Emil Frank of Brooklyn, N.Y., complained that he had not been able to pre-order an iPhone 7 or 7 Plus on Friday because Apple limited the number of devices for Upgrade Program participants while letting others reserve new phones.
"[Apple] allowed non-iPhone Upgrade Program customers to snap up the limited inventory of the new devices while telling countless iPhone Upgrade Program customers to 'check back later,'" Frank asserted.
Apple unveiled the iPhone Upgrade Program last year when it rolled out the iPhone 6S and 6S Plus. The program -- a rival to the pay-as-you-go plans that U.S. carriers push -- lets customers pay monthly fees for a device. The AppleCare+ after-sale warranty plan is part of the deal, as is the right to get a new iPhone annually. After 12 payments, customers may turn in an older iPhone, re-enroll, and begin paying for a new model.
Analysts characterized the Upgrade Program last year as yet another way for Apple to lock its customers into its ecosystem.

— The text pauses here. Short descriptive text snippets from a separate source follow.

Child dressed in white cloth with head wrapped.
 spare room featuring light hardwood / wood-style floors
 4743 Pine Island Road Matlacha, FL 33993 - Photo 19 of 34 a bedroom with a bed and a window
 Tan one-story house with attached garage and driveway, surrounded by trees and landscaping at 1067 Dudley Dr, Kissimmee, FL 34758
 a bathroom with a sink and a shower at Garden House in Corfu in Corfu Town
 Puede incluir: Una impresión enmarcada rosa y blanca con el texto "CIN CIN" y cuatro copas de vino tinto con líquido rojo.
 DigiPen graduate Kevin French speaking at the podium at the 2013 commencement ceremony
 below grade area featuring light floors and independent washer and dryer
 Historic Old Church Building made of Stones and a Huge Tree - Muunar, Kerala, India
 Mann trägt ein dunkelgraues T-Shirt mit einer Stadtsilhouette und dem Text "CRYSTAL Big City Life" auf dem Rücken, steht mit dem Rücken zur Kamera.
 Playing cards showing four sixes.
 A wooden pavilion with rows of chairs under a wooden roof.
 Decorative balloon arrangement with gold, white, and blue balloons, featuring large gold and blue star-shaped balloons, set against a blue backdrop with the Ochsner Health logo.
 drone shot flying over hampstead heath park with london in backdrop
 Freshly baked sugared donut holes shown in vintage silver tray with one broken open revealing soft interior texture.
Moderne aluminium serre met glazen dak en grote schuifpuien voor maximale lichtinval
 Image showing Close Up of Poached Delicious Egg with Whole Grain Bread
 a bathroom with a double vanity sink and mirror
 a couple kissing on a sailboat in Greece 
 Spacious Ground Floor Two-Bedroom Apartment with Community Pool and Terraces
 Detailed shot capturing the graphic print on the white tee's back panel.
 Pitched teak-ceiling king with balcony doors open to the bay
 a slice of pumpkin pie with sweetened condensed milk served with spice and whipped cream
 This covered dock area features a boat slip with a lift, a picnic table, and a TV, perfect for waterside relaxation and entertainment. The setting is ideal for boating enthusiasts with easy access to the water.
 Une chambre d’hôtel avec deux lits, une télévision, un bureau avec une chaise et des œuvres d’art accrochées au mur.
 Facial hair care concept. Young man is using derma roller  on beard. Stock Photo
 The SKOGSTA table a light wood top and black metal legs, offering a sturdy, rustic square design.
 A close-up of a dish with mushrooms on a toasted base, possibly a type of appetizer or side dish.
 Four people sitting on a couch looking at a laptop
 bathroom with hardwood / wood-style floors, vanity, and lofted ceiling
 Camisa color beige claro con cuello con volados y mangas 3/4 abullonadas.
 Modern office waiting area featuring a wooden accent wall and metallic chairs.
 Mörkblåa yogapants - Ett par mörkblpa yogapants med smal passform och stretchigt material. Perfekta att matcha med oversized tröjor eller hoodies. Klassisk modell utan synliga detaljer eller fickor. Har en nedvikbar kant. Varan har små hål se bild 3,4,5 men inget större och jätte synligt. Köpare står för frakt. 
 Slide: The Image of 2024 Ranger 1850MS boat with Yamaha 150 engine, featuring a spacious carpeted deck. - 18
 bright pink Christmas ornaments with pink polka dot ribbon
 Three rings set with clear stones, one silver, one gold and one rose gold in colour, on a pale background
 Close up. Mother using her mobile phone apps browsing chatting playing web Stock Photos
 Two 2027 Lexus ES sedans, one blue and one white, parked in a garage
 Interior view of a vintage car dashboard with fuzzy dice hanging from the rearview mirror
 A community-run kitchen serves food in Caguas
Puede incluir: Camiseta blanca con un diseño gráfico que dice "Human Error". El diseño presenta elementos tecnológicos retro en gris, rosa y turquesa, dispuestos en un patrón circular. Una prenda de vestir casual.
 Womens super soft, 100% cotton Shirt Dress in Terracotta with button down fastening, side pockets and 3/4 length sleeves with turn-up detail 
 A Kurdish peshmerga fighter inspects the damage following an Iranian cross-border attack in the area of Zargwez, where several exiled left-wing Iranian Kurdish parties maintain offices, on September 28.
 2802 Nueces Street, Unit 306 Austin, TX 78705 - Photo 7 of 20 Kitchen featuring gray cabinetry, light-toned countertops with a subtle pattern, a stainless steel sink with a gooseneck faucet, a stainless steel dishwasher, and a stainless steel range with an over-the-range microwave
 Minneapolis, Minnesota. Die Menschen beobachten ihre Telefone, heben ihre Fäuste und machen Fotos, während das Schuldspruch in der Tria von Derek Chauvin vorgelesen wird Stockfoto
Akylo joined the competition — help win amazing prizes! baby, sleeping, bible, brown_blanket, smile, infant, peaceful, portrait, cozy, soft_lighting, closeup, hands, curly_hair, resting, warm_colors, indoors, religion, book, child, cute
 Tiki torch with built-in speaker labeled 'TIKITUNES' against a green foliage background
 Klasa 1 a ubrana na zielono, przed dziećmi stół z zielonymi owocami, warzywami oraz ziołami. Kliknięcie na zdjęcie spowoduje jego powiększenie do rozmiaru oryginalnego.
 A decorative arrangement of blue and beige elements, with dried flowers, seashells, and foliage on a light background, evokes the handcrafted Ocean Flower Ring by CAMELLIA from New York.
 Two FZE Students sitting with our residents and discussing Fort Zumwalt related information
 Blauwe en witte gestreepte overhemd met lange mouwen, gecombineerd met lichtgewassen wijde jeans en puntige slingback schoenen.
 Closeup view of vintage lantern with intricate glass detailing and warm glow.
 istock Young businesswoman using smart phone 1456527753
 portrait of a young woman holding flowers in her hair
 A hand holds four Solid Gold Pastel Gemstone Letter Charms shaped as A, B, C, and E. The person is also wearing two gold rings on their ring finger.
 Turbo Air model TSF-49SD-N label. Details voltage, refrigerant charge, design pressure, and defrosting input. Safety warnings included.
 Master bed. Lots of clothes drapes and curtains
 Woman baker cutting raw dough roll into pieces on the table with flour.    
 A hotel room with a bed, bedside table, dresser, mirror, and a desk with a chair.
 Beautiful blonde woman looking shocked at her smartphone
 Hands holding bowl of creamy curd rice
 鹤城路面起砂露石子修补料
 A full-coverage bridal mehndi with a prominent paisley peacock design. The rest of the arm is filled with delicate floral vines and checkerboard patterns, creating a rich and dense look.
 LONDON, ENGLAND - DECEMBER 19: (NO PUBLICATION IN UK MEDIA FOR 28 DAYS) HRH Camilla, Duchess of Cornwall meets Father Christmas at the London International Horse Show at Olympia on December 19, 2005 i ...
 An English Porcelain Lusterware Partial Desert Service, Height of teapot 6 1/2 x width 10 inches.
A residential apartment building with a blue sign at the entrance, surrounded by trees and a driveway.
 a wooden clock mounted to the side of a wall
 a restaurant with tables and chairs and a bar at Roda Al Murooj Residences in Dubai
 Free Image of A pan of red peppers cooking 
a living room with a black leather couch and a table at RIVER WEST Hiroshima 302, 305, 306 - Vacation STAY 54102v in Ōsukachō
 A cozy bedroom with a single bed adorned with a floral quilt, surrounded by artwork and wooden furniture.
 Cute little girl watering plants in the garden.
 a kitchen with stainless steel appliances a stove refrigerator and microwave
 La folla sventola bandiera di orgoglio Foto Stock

The plan is available only in the U.S., and only through Apple's brick-and-mortar stores.
Frank was frustrated when he tried to order a replacement for his current iPhone 6S Plus.
"Mr. Frank woke up at 2:45 a.m. New York time [on Sept. 9] and was shocked to find that within moments, it was impossible to find an iPhone under the program anywhere near his location in New York City," the lawsuit stated. "He began searching in other parts of the state, as he was willing to drive to Buffalo or Albany to get access to his new phone, all to no avail. He expanded his search as far as North Carolina and Maine: nowhere was he able to get the iPhone model he desired."
Because he was unable to pre-order an iPhone 7 or 7 Plus under the Upgrade Program, Frank purchased a new phone for around $950. But he will still be obligated to make another year's worth of payments on his iPhone 6S Plus.
Frank's argument was that while Apple had a large stock of new iPhones to distribute as pre-orders, it limited the number it allocated to each store that were to be set aside for Upgrade Program participants. Most of those who signed up, Frank's lawsuit contended, would thus not be able to get a new iPhone with 12 months of their prior purchase, as Apple promised.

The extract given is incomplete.